*WORK ITEM*: No pictures belong in the copy. Set down exactly the lines from the one that contains "1957/90, in den" through the end of the data.

*EXTRACTED INFORMATION*:

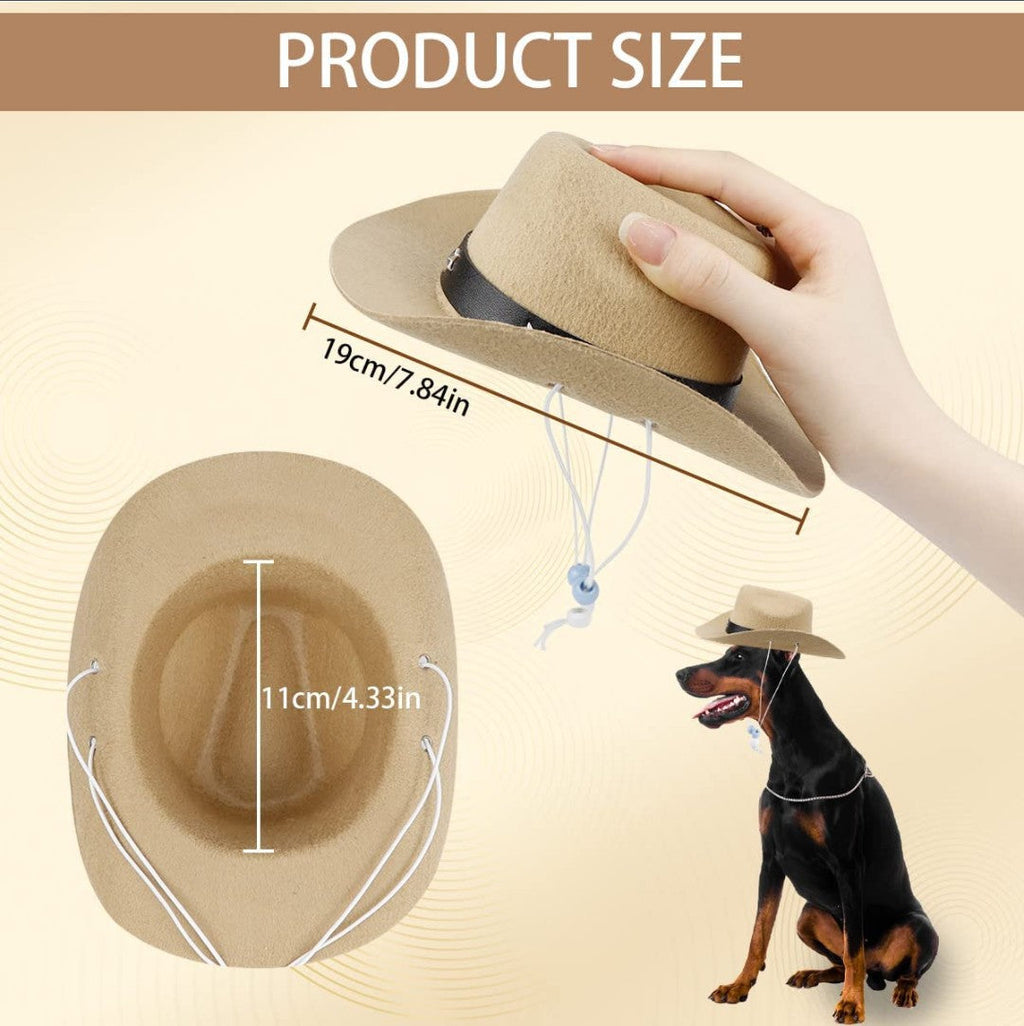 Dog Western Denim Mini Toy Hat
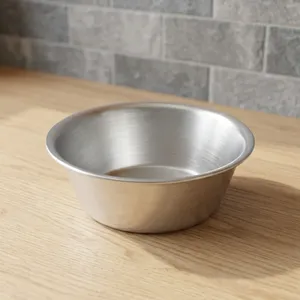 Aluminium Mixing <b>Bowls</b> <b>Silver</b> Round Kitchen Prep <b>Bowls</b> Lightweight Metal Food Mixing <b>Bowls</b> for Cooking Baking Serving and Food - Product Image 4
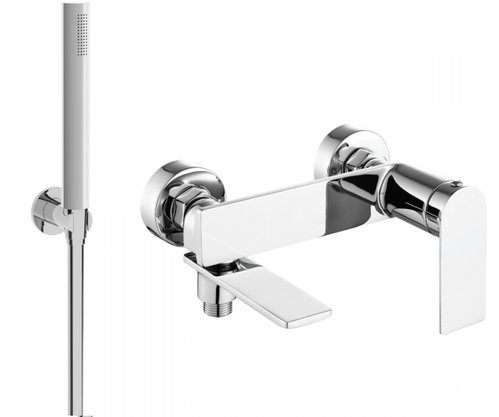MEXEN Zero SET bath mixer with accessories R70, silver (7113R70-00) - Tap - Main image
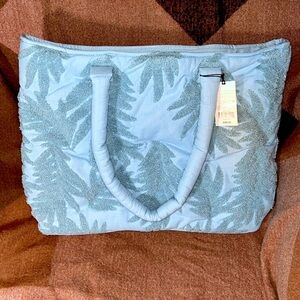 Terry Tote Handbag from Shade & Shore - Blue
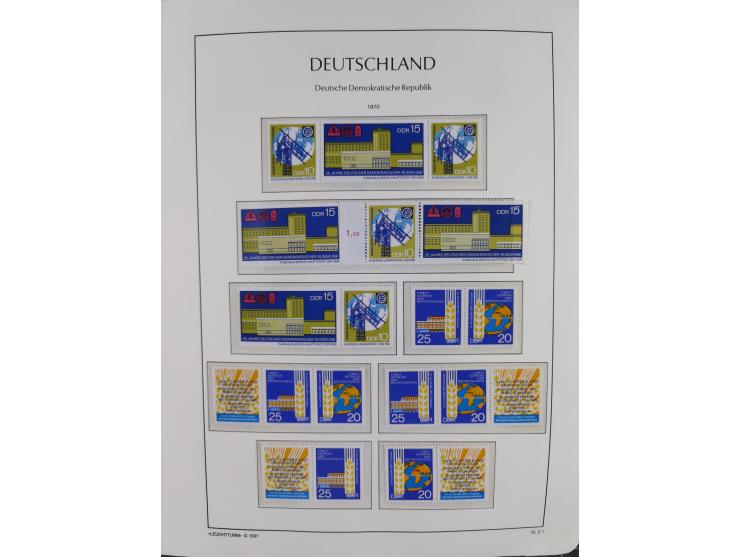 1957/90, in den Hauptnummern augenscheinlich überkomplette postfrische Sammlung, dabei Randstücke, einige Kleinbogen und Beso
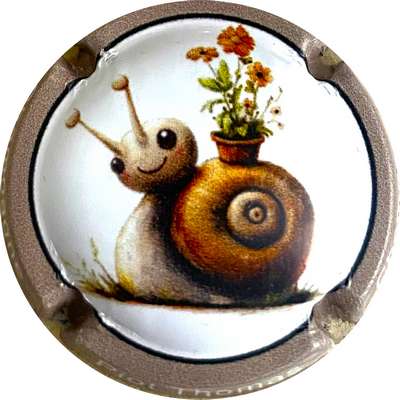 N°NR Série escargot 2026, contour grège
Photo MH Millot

*RESULT OF THIS TASK*:
 1957/90, in den Hauptnummern augenscheinlich überkomplette postfrische Sammlung, dabei Randstücke, einige Kleinbogen und Beso
 N°NR Série escargot 2026, contour grège
Photo MH Millot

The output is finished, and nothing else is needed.